Various embodiments as set forth herein may be implemented as software (e.g., the program 140) including one or more instructions that are stored in a storage medium (e.g., internal memory 136 or external memory 138) that is readable by a machine (e.g., the electronic device 101). For example, a processor (e.g., the processor 120) of the machine (e.g., the electronic device 101) may invoke at least one of the one or more instructions stored in the storage medium, and execute it, with or without using one or more other components under the control of the processor. This allows the machine to be operated to perform at least one function according to the at least one instruction invoked. The one or more instructions may include a code generated by a complier or a code executable by an interpreter. The machine-readable storage medium may be provided in the form of a non-transitory storage medium. Wherein, the term “non-transitory” simply means that the storage medium is a tangible device, and does not include a signal (e.g., an electromagnetic wave), but this term does not differentiate between where data is semi-permanently stored in the storage medium and where the data is temporarily stored in the storage medium.

According to an embodiment, a method according to various embodiments of the disclosure may be included and provided in a computer program product. The computer program product may be traded as a product between a seller and a buyer. The computer program product may be distributed in the form of a machine-readable storage medium (e.g., compact disc read only memory (CD-ROM)), or be distributed (e.g., downloaded or uploaded) online via an application store (e.g., PlayStore™), or between two user devices (e.g., smart phones) directly. If distributed online, at least part of the computer program product may be temporarily generated or at least temporarily stored in the machine-readable storage medium, such as memory of the manufacturer's server, a server of the application store, or a relay server.
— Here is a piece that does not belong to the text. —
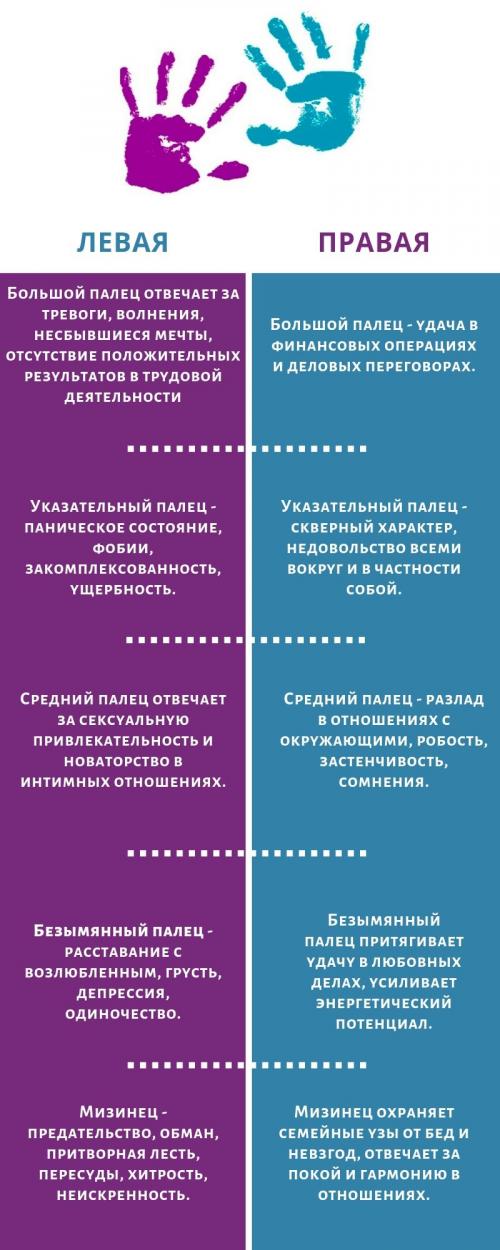 Удивительный маникюр по фен шуй: иероглифы на ногтях 01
According to various embodiments, each component (e.g., a module or a program) of the above-described components may include a single entity or multiple entities, and some of the multiple entities may be separately disposed in different components. According to various embodiments, one or more of the above-described components may be omitted, or one or more other components may be added. Alternatively or additionally, a plurality of components (e.g., modules or programs) may be integrated into a single component. In such a case, according to various embodiments, the integrated component may still perform one or more functions of each of the plurality of components in the same or similar manner as they are performed by a corresponding one of the plurality of components before the integration. According to various embodiments, operations performed by the module, the program, or another component may be carried out sequentially, in parallel, repeatedly, or heuristically, or one or more of the operations may be executed in a different order or omitted, or one or more other operations may be added.